Aw look at them, they look great.


----------



## BostonBullMama (Apr 20, 2013)

Xeph said:


> Davin has a beautiful outline. He lacks balance, so his movement is off at the trot, which is why he's a pet. We had a testicle scare, but it seems to have resolved itself.
> 
> I am surprised at how his head is coming along. For a long time he looked like a bitch. Lacked masculinity pretty notably...I thought he was a bitch when he was born (if only). Stunning temperament on him. Like...wow. NOTHING bothers this puppy.
> 
> Something can fall near him (like a ladder), and while he may move to get out of the way so it doesn't fall on him, once it hits the ground, he just kinda looks at it like, "Ok then," and goes on his merry way.


Ugh! I so wish I was in a position to take on a second dog!! I'd buy him from you in a heartbeat. Stunning, stunning dog.


----------



## Xeph (May 7, 2007)

Señor Striker


----------



## Equinox (Nov 11, 2008)

Is "type-y" how you described Striker before? Because da**, look at that boy! Love that he must have been wagging his tail in the picture, too LOL 

Hope Davin finds the perfect home, he really is a gorgeous dog and his temperament sounds perfect. Someone's going to be incredibly lucky to have a pup like him!!


----------



## Xeph (May 7, 2007)

Ouzo is typey, Striker is stylish


----------



## Equinox (Nov 11, 2008)

Fancy boy!  

You know what's going to be so amazing though? Seeing how they turn out as adults. If they're looking THIS good now, I am going to be blown away by them (and no doubt, their accomplishments) when they're fully grown.


----------



## Xeph (May 7, 2007)

Same here. The only thing that will suck is having them going head to head in the show ring.

Ouzo and Striker are going to do a lot of back and forth I think. They are very different from each other in style, and both are very showy. It's gonna depend on whether a judge likes super type (Ouzo), or a more elegant animal (Striker).


----------



## momtolabs (May 27, 2012)

Send Davin via UPS please  there all gorgeous!!


----------



## Damon'sMom (Aug 2, 2011)

They are getting so big!


----------



## kcomstoc (Mar 9, 2013)

OH ME ME ME *raises hand* I'll take him  I wish I could


----------



## Xeph (May 7, 2007)

Following in her mother's footsteps. Say hello to Princess Party Hat, the ONLY puppy out of nine that had to have her ears glued -_-


----------



## BostonBullMama (Apr 20, 2013)

hehehe, party hat and glow eyes


----------



## Xeph (May 7, 2007)

Ms London is looking pretty great


----------



## ChaosIsAWeim (Feb 12, 2011)

Dam Xeph, this is an awesome litter. They are going to be very competitive I think.


----------



## Xeph (May 7, 2007)

Thanks Chaos.

New pic of Meep! She held still for seven seconds!

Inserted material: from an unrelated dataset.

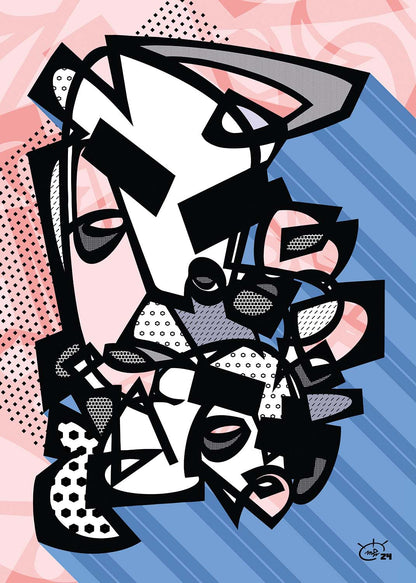 KUSH KUSH abstract artwork in bold red and blue by Markus Haertel. A modern and dynamic oneline design that brings energy to any space.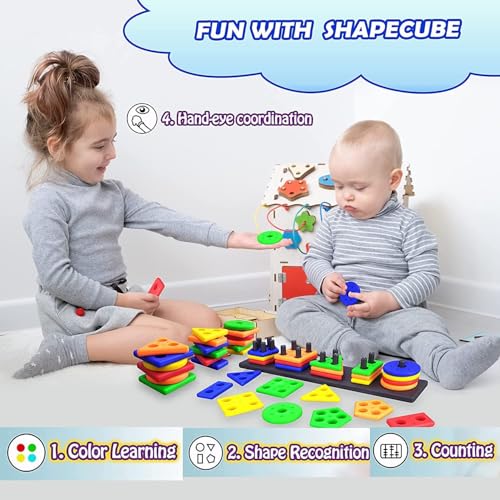 Image of Brand Conquer Plastic Montessori Toys Geometric Shape Matching 4 Column Blocks Sorting & Stacking Toys (4 Column Blocks Sorting)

The cute? YOU CAN'T HANDLE THE CUTE!


----------



## Damon'sMom (Aug 2, 2011)

She is just too adorable!!!


----------



## Xeph (May 7, 2007)

She is seriously the *cutest* puppy I have ever had. And that includes Mirada, who was pretty freaking adorable.

Everything about this puppy is cute. She has literally brought grown men to their knees (to pet her). It's ridiculous.


----------



## ChaosIsAWeim (Feb 12, 2011)

Xeph said:


> Thanks Chaos.
> 
> New pic of Meep! She held still for seven seconds!
> 
> The cute? YOU CAN'T HANDLE THE CUTE!


Ah cuteness overload. Love that face, and the tan bib she has lol.


----------



## Xeph (May 7, 2007)

I'm floating on cloud 9 over here  My Baby Bitch is looking so nice! She has a couple of songs I sing to her now, too (oh Lord). I sent out her entries for her VERY first show today!! WOO HOO!










Look at her little Baby Bitch Face (Baby Bitchface? LOL!)









Here are mother and daughter, side by side!









And, not to be left out...DAVIN! Look at him! He's so MANLY!


----------



## BostonBullMama (Apr 20, 2013)

I can not get over how beautiful your dogs are. Seriously.


----------



## Sibe (Nov 21, 2010)

Serious case of RBF.
(For those who aren't familiar with the term: http://www.urbandictionary.com/define.php?term=RBF )


----------



## Sibe (Nov 21, 2010)

What happened to her foot?!?


----------



## Xeph (May 7, 2007)

She was a jerk while I was doing her nails and got quicked, that's all  Not the first time, won't be the last.


----------



## Sibe (Nov 21, 2010)

Toenails bleed so much. Silly girl.


----------



## cookieface (Jul 6, 2011)

They're so grown up looking! Seems like they were baby puppies just yesterday. Absolutely gorgeous.


----------



## Rescued (Jan 8, 2012)

Did davin find a home? haven't been on facebook in a while. He is so handsome!


----------



## Xeph (May 7, 2007)

No, poor Davin is still looking.

He's such a cool puppy with a ton of potential. Wish I could find a place for him. He deserves his own family (not that he is unloved here)


----------



## CrystalGSD (Jun 27, 2014)

All your dogs are so stunning. I would steal Davin if I could, he sounds like a really stable amazing puppy.


----------



## kcomstoc (Mar 9, 2013)

Poor pup's foot  but she still looks AMAZING  I hope she wins her first official show she's gorgeous


----------



## Kayota (Aug 14, 2009)

Oh my lord she has matured into an incredible puppy. and by the way if I could have one of your pups right now I would...  They're amazing.


----------



## Xeph (May 7, 2007)

Update on Jeepers Meepers! She took her FIRST point at her FIRST show yesterday! Winners bitch/best of winners/best opposite sex (to her daddy)! WOO HOO! I'm showing her in bred by, so I'm extra proud <3

After the show Sunday. Had to tape her ears back up.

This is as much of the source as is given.